The Love Bank
by Sidney D. Craig, Ph.D.
A growing child will experience and can comfortably
endure a great deal of frustration and anger. All of us do during our
lifetimes. This is a normal part of the human growth experience. Any
child will develop and carry with him a great deal of anger which will
not damage or distort his personality development to any significant
degree. A completely anger-free human being simply does not exist. Nor
is there any particular reason to strive for such a theoretically
"pure" state.
However, what parents must come to understand is that
the child's capacity to tolerate anger is not infinite. There are
different degrees, or intensities, of anger that people may experience.
And there does exist some particular degree of anger which, once
exceeded, is likely to result in some distortion of the child's
personality. Where the child's emotional health is concerned, the
primary responsibility of the parent is to make certain that the child's
level of anger does not approach or exceed this point.
There is no single parental action that is likely to
generate a sufficient degree of anger to make the child turn toward
delinquency. It is highly unlikely, also, that any limited series of
parental actions would produce anger too intense for a child to live
with and remain healthy. It is not necessary for parents to live in
constant dread of "traumatizing" their children through one
inadvertent misstep or even through a fairly extensive series of minor
"mistakes." As I have stated repeatedly, there is no such
thing as a perfect parent. All parents, either through inadvertence or
because reality demands it, will act in such ways as to make their
children angry. But fortunately, nature has not demanded that parents be
perfect in order to raise psychologically healthy children. A great deal
of tolerance for error is built into the system.
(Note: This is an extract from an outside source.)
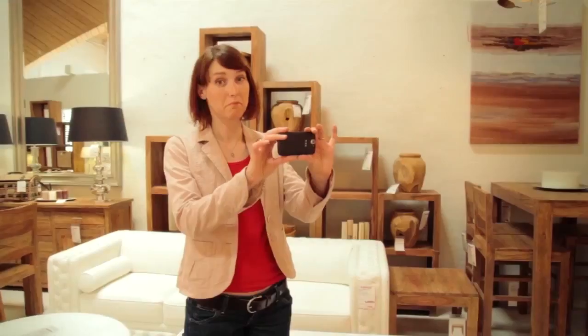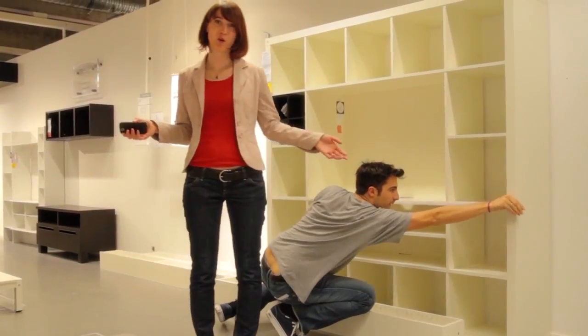I'm happy because now I know how to measure. I'm sure you know what it's like — you're standing in front of a cupboard, or maybe a table or a sofa, and you ask yourself: will it fit in my apartment? You know what I mean.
Nevertheless, parents must realize that a continuous
pattern of anger-producing parent-child interaction, pursued
unswervingly because it is based on incorrect assumptions about the
nature of the child's thought processes, will inevitably produce a
degree of anger sufficient to cause delinquency.
One way to conceptualize this situation would be to
imagine the child as a kind of "love bank" in which the
parents might make deposits or withdrawals. Each day the parent is
provided with numerous opportunities to make either deposits (love) or
withdrawals (anger). As long as there is a surplus of love in the
account, no serious problem is likely to occur. However, if the account
becomes seriously depleted or overdrawn, anger will prevail and
delinquency will occur. In terms of this analogy, the major function
of the parent is to use his entire person in his everyday relationship
with the child in such a way as to ensure that there is always a
substantial surplus of love in the account. Several of the usually
puzzling aspects of child-rearing will become more understandable if the
parent will keep the above analogy in mind.
Parents often find that repeated use of punishment
either is having no beneficial effect on their child or seems to make
him behave worse than ever. Yet they can recall that at some previous
time in the child's life, their use of punishment has had the desired
effect in suppressing misbehavior. The parents cannot understand why
punishment no longer "works."
The explanation for this phenomenon is that at some
point in the child's development his love account became overdrawn. All
that remained (or at least what remained in greatest abundance) was
anger. The cushion of love was gone. Once that point was reached,
punishment no longer asserted a restrictive force on misbehavior.
Instead, punishment acted to intensify the existing anger and therefore
generated more misbehavior rather than less. Yet on some previous
occasion when a surplus of love still existed, the same degree of
punishment administered by the same parent in the same situation would
have exerted the restrictive effect the parent desired.
It would be exceedingly desirable if mental health workers could
define for parents in some tangible way the amount of love that is
needed as a cushion, or the amount of anger that is intolerable.
Unfortunately, however, no such objective measures exist. All that
parents can do in any given situation is to act in such a way as to
enhance love and/or to reduce anger whenever reasonably possible.
What this means in the everyday practice of raising a child is that
from the time the child is born, the parent should be willing to
review, constantly, his own behavior toward the child and to estimate
what impact this behavior is having on the child's feelings. Honest
application of the Golden Rule should indicate with a high degree of
accuracy the impact of the parental behavior on the child. The parent
must then strive diligently to do whatever is necessary to create those
positive, loving feelings he wants the child to have. There is no need
for this constant review to lead the parent into an obsessional frenzy
of self-doubt and guilt because the essential principles of sound
child-rearing are so very simple. All that the Golden Rule calls for is
that the parent be willing to act toward the child with human warmth,
kindness, and forgiveness.
Excerpted from Craig, Sidney D. Raising Your
Child, not by Force but by Love, Westminster Press, Philadelphia, 1973,
pp. 95-98, by permission of the publishers.